Interrogation de Steve Jobs lors de la conférence avec les analystes financiers la semaine dernière : comment les nouveaux compétiteurs vont-ils faire de l’argent sur un marché bâti d’emblée pour en perdre ? « Nous voudrions faire de l’argent avec l’iTunes Music Store. Nous en ferons peut-être un jour », a précisé Steve Jobs. Le problème soulevé par le chef de file d’Apple n’a rien à voir avec la technologie utilisée, mais avec le modèle économique retenu. Faites les comptes : les 17 millions de titres vendus par la firme depuis le lancement du magasin lui auront rapporté au mieux 170 000 dollars ! Selon Time Magazine, sur les 99 cents de chaque chanson vendue par l’échoppe en ligne, 65 % sont destinés aux ayants droit, tandis qu’Apple consomme les 25 % restants en frais de bande passante, stockage, encodage des titres, gestion… Reste, au mieux, 1 cent dans la poche du constructeur. Cela n’a pas empêché le Time Magazine de décerner à l’iTunes Music Store le titre d’« invention de l’année ». Si d’autres modèles de fonctionnement sont sans doute envisageables, la concurrence en reprend pour le moment le schéma à la lettre.
Pour les revenus, il faut donc tabler sur la vente de périphériques numériques. L’iPod pour Apple… Bien que Cupertino ne l’ait pas communiquée, la marge brute générée sur celui-ci atteindrait maintenant environ 35 %. Malgré l’arrivée de Dell et d’autres fabricants de baladeurs comme Gateway, Apple pourrait préserver ce niveau de marge tout en abaissant ses coûts et ses prix (voir édition du 26 octobre 2001). Pour l’instant, la firme bénéficie aussi bien de l’effet des ventes en volumes que de la baisse de prix des composants. Dell fonctionne sur le même modèle qu’Apple, mais en s’appuyant sur quelques partenaires, Musicmatch pour la partie logicielle (voir édition du 8 octobre 2003), ainsi qu’un constructeur taiwanais non identifié pour le lecteur numérique, le Dell Digital Jukebox (DJ). Ce DJ pourra-t-il se faire une place sur le marché de l’électronique grand public ? L’iPod, lui, s’est peu vendu sur le Net.

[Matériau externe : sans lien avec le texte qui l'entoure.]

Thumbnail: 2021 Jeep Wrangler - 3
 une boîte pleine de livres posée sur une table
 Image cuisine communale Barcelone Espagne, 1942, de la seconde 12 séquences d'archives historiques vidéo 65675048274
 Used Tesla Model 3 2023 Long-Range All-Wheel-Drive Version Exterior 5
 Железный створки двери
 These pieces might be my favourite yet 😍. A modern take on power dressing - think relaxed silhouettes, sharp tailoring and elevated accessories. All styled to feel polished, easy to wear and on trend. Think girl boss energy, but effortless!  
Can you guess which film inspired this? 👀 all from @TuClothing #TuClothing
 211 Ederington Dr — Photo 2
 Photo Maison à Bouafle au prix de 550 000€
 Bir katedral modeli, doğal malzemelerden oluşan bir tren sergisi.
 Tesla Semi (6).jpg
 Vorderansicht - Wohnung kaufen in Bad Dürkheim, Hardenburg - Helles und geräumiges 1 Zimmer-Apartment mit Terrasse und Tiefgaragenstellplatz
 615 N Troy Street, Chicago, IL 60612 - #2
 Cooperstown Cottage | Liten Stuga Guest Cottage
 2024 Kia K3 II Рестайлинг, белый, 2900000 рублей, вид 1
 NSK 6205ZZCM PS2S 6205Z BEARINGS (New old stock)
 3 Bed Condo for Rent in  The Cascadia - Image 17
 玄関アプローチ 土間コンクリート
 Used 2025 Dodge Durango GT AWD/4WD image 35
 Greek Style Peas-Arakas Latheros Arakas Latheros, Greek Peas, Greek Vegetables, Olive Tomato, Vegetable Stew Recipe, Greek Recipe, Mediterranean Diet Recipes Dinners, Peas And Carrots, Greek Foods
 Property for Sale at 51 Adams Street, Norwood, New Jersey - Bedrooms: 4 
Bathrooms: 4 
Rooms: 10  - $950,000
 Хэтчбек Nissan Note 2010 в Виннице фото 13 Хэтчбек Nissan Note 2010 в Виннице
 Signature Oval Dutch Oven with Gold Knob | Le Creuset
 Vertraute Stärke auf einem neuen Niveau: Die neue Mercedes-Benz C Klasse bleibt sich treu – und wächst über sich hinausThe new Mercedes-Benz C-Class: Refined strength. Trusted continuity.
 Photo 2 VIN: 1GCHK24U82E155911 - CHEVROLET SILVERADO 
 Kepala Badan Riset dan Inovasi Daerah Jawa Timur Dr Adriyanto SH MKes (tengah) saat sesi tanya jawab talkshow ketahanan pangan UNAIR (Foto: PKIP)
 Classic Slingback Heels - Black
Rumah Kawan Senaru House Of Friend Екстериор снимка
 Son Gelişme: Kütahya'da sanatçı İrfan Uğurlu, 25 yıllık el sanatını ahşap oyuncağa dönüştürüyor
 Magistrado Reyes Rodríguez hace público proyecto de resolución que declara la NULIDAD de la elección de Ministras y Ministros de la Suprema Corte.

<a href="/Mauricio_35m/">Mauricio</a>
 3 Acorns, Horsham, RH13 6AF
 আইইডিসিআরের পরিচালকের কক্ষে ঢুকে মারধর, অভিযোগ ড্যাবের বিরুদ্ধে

Mais Dell a déjà réussi à commercialiser son assistant personnel et des imprimantes via son site. Pourquoi pas le DJ ?
Le modèle Napster
L’autre concurrent de poids, c’est Napster (voir édition du 10 octobre 2003). Son modèle économique semble moins solide : il existe bien un baladeur réalisé avec Samsung, mais quid du partage de ses revenus ? Chris Gorog, le P-DG de Napster, n’y voit pas de problème : la firme propose également un modèle payant par abonnement, non pris en compte par Apple et qui, selon lui, doit également générer des bénéfices. Le modèle Napster s’avère quand même assez controversé : s’il repose sur une forte reconnaissance de la marque, il n’explique pas comment sera générée la marge, surtout quand les prix baisseront sous l’effet de la concurrence. Les seuls abonnements ne produiront pas de bénéfices aussi confortables que ceux que pourraient réaliser Dell ou Apple avec leurs lecteurs MP3. Chris Gorog semble toutefois confiant. Il s’est même permis de douter de la réalité des chiffres de téléchargements annoncés par la Pomme, auprès de nos confrères de Technewsworld. En fait, rien n’est vraiment joué, et rien ne se jouera aux Etats-Unis : c’est l’Europe qui départagera les locomotives de ce marché émergent. Les modèles les plus solides s’exporteront sans problèmes hors des Etats-Unis, tandis que les autres resteront sur le continent américain. A ce jeu-là, seuls Apple et Dell peuvent pour le moment tirer leur épingle du jeu…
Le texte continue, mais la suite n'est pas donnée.